Like most of Joanna’s books, it’s as much a social commentary – albeit firmly focused on the middle classes – as it is a story of female friendship.

Joanna says she was drawn to write about the world of work as it’s a rarely tackled subject in literature.

“I’m not sure I know another novel about women and work,” she says. “There is endless fiction about romantic love and relationships and nothing on the way women work.

“For my generation, to work full time – as I have – is quite rare; for my daughters’ generation it’s not at all rare and my grand-daughters’ generation would not think about anything other than working.

“I wanted to explore that aspect of women’s lives, although I have to say that I don’t think there’s a more demanding or harder task than running a house or bringing up the next generation, and I think there should be a sisterly bond whatever we decide to do.”

Joanna describes herself as ‘an old fashioned feminist’.

Born in the Cotswolds in 1943, she won a scholarship to Oxford University to read English Literature.

“When I went up to university there were seven men to every one woman,” she says.

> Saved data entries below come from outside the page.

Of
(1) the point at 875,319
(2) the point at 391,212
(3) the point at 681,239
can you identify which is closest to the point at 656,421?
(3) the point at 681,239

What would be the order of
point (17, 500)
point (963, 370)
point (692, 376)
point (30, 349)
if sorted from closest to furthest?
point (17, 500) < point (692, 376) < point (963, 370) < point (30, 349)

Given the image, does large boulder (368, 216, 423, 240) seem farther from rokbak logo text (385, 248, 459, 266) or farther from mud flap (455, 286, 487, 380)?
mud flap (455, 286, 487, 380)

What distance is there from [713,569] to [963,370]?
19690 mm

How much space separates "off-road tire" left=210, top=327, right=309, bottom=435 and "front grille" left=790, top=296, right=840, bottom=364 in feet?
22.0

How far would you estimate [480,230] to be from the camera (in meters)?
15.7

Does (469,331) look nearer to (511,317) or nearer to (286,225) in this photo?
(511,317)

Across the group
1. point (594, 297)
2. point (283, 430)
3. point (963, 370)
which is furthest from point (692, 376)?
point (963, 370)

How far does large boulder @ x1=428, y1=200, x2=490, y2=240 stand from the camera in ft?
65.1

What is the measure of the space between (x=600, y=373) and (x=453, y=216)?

“The very first political march I went on was in my first term in October 1962 about the Cuban missile crisis and the Bay of Pigs. The world looked very different from a female perspective in 1962.

“Now I have two highly accomplished working daughters – one a barrister and the other working in the NGO world. The characters in the novel are of my daughters’ generation (who are in their forties).”

Joanna is known for her meticulous research and says she spent a good three months talking to female executives in Canary Wharf.

“I must have interviewed 14 or 15 very high-flying women,” she said.

They were very happy to open up to her. “Because I was a novelist – if I had been a journalist they would not have. A lot said how enormously supportive their male colleagues had been in their progress up the ladder, but they are careful to stay under the radar, otherwise they are judged on their marital status, on their make-up, their shoes, their clothing.”

Their reticence is understandable when you reflect on the kind of media scrutiny so-called ‘superwoman’ Nicola Horlick was subjected to for successfully pursuing her City career whilst bringing up six children.

Joanne continues: “In the book, the character of Gaby (MD of the investment banking division of a huge global bank) is incredibly supportive of the junior members of her team.

“That’s what I discovered – that for most of them, their junior teams were in a way like extra children.”

Understandably, the women coming up through the ranks appreciated having “a woman boss who understood the need for having a rounded life, with relationships and family given their due importance.”

And Joanna believes that things can only get better for gender equality as long as women have such role models and are no longer a rarity in once traditional male bastions like the City.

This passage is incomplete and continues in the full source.